Abbott has not been hesitant to push his agenda globally either, if he thinks it will benefit him at home. In October, he engaged U.N. Climate Chief Christiana Figueres in a debate over the link between climate change and bushfires in Australia, saying that Figueres was “talking through her hat” in regards to climate change’s role in the fires. Then in the lead up to the G20 meeting in Sydney in February, Abbott said he didn’t want to “clutter up the G20 agenda with every worthy and important cause, because if we do, we will squander the opportunity to make a difference in the vital area of economic growth.”
His remarks, made at the World Economic Forum in Switzerland in January, were clearly targeted at those who want climate change to play a leading role on the G20 agenda, including Christine Lagarde, managing director of the International Monetary Fund, who told Australian television that the issue of climate change “must be dealt with.”
On Wednesday, Lord Nicholas Stern, professor of Economics and Government at London School of Economics and president of the British Academy, weighed in on the subject with an op-ed in Australia’s The Age newspaper.
“How Australia tackles the threat of climate change is of global importance as developing countries look to rich countries to set an example because of their better technologies and history of high emissions of greenhouse gases,” he wrote. “The international community is now gearing up for new agreement on climate change to be signed in Paris in 2015, after all countries, including Australia, agreed in 2010 that global emissions of greenhouse gases need to be cut sharply by 2050 in order to avoid the huge risks that would be associated with a rise in global average temperature of more than 2 C.”
The U.S. has also been highly critical of Abbott’s neglect to include climate change on the G20 agenda. President Obama’s G20 emissary, Caroline Atkinson, recently said that within the G20 there is a growing understanding of the importance of addressing climate and energy issues and that these issues also impact Australia’s economic growth priorities. Then this week, Heather Zichal, who up until recently was President Obama’s lead climate and energy adviser, said “Ignoring one of the biggest challenges we have ever faced is simply not an option … sitting out climate change negotiations is not in Australia’s or any other nations’ interest. It is a huge mistake.”
Zichal suggests that focusing on economic productivity could be the sweet spot that Australia could use to balance climate concerns and economic growth goals. Reducing pollution and emissions from power plants and imposing strong energy efficiency measures on transport and infrastructure can boost energy productivity, save money, create jobs, and reduce emissions. “Ultimately, across all economic sectors, energy productivity is the most reliable, cleanest, and cheapest resource,” Zichal said.
The G20 has acknowledged this, and in 2009, years before Abbott took the reins, the group pledged to abolish inefficient fossil fuel subsidies over the medium term because they “encourage wasteful consumption, distort markets, impede investment in clean energy sources and undermine efforts to deal with climate change.”

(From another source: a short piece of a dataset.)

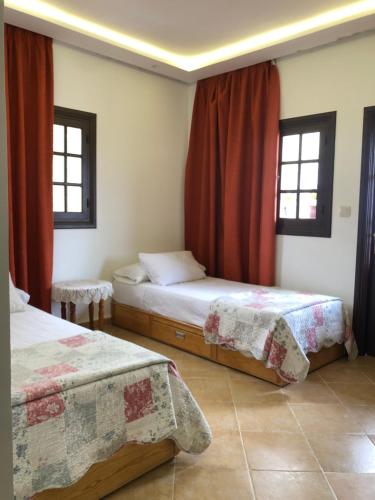 a bedroom with two beds and two windows at Mina House in Chefchaouen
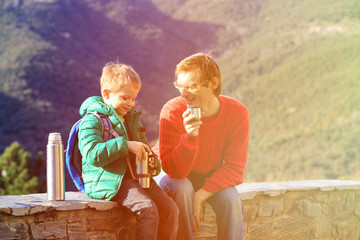father and son travel in mountains drinking hot tea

“Access to diverse, reliable, affordable and clean energy is critical for sustainable growth,” the statement reads. “Increasing clean and renewable energy supplies, improving energy efficiency, and promoting conservation are critical steps to protect our environment, promote sustainable growth and address the threat of climate change. Accelerated adoption of economically sound clean and renewable energy technology and energy efficiency measures diversifies our energy supplies and strengthens our energy security.”
The recent U.N. Intergovernmental Panel on Climate Change warned that soaring greenhouse gas emissions amplify risks of food insecurity, mass migration, and violent conflict — as well as potentially costing trillions of dollars in environmental damage. Australia is no stranger to this, having gone through record-breaking droughts and heatwaves in the last decade, and having many native flora and fauna already in danger — the signs are hard to ignore, even from an ivory tower like Tony Abbott’s. But things are even more dire in other areas of the world, like the nearby Pacific Islands.
The foreign minister of Marshall Islands, Tony de Brum, recently said he’s extremely disappointed by Australia’s approach to climate change. “They must set the tone for commitment, for progressive movement on climate change and not backpedal on commitments already made,” he said. “We’ve heard that in the upcoming G20 summit, Australia is going to leave climate change off the agenda because it did not want it cluttered with climate change issues — this is appalling.”